Renee Guittar (Juliet) and Rush Benson (Romeo) in a promotional image for COLLIDE Theatrical’s ballet adaptation of Romeo & Juliet.
Staging what is often described as the greatest love story ever told on Valentine’s Day might sound hokey. COLLIDE Theatrical’s ballet setting of William Shakespeare’s Romeo & Juliet is anything but: a thrilling, virtuosic, and riveting walk through a star-crossed romance. Finely tuned and aptly fitted to the expanses of the Cowles Center, this is not only COLLIDE’s best shows in years – it’s one of the hottest entertainment tickets in town.

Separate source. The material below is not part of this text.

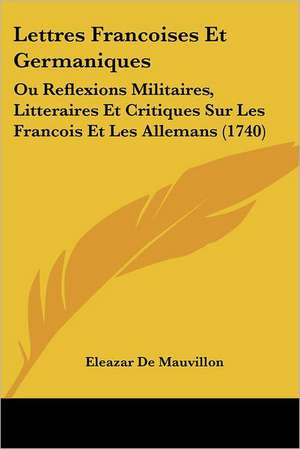 Lettres Francoises Et Germaniques de Eleazar De Mauvillon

As with most of COLLIDE’s shows, the score for the ballet is a mashup of various contemporary popular songs, rendered with a pair of vocalists and a live band. COLLIDE’s Artistic Director Regina Peluso choreographed the dynamic show, which frequently fills the vertical as well as horizontal planes as dancers climb, pose, and cavort in a pair of mobile scaffolding platforms.

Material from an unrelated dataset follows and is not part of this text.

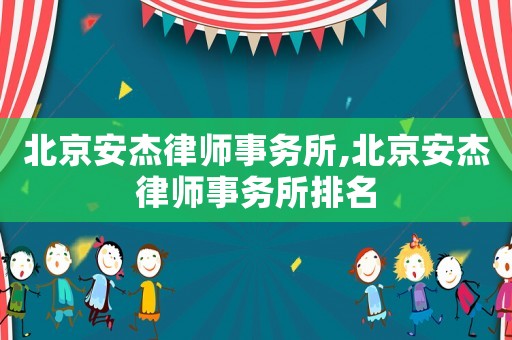 北京安杰律師事務所,北京安杰律師事務所排名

One of the most thrilling recurring elements in this show are the many dance battles, prominently lead by Mercutio (Joey Miller) and Tybalt (Chelsea Rose). Not only are the warring Montagues and Capulets given distinctive styles and inflections, but so have individual characters within that style. The ensuing stylized brawls are thrilling to watch, a feeling equally propelled by the live band with its arrangements of songs like the White Stripes’ “Seven Nation Army”.
As a contemporary dance company, COLLIDE draws on a host of styles for its various productions. A more surprising entrée in this number was the prominent use of tap with a contemporary twist, one of the styles associated in-show with the Montague family. Interspersed are snapshots of a mayor’s race with projected newspapers and the teenage characters snapping selfies, part of the near-present day setting that fits well into the overall character of the production.
Any Romeo & Juliet lives and dies by the living and dying of its leads. Here, COLLIDE does not disappoint, featuring Rush Benson as Romeo and Renee Guittar as Juliet. Peluso’s direction begins the show with a more disenchanted and disengaged Romeo, the better for his Montague friends Benvolio (Elly Stahlke) and Mercutio (Miller) to slowly lure him out of. Their shared numbers, set to “Uprising”, and “We Found Love”, are show highlights.
As Juliet, Renee Guittar is first introduced in the dynamic and original opening number, which makes great use of projections (Joshua Wallace did the graphic design). Her featured introduction, however, comes in an alluring solo number set to “Wake Me Up”. This spotlight moment is an engrossing, virtuosically delivered, and beautiful study of character. The moment when Benson/Romeo and Guittar/Juliet meet onstage, set to “Wonderwall”, is simply magical. Their final moments, set to “With or Without You”, are heart-tugging, beautiful, and tragic at once.
Romeo & Juliet runs through February 23 at the Cowles Center in Minneapolis, MN.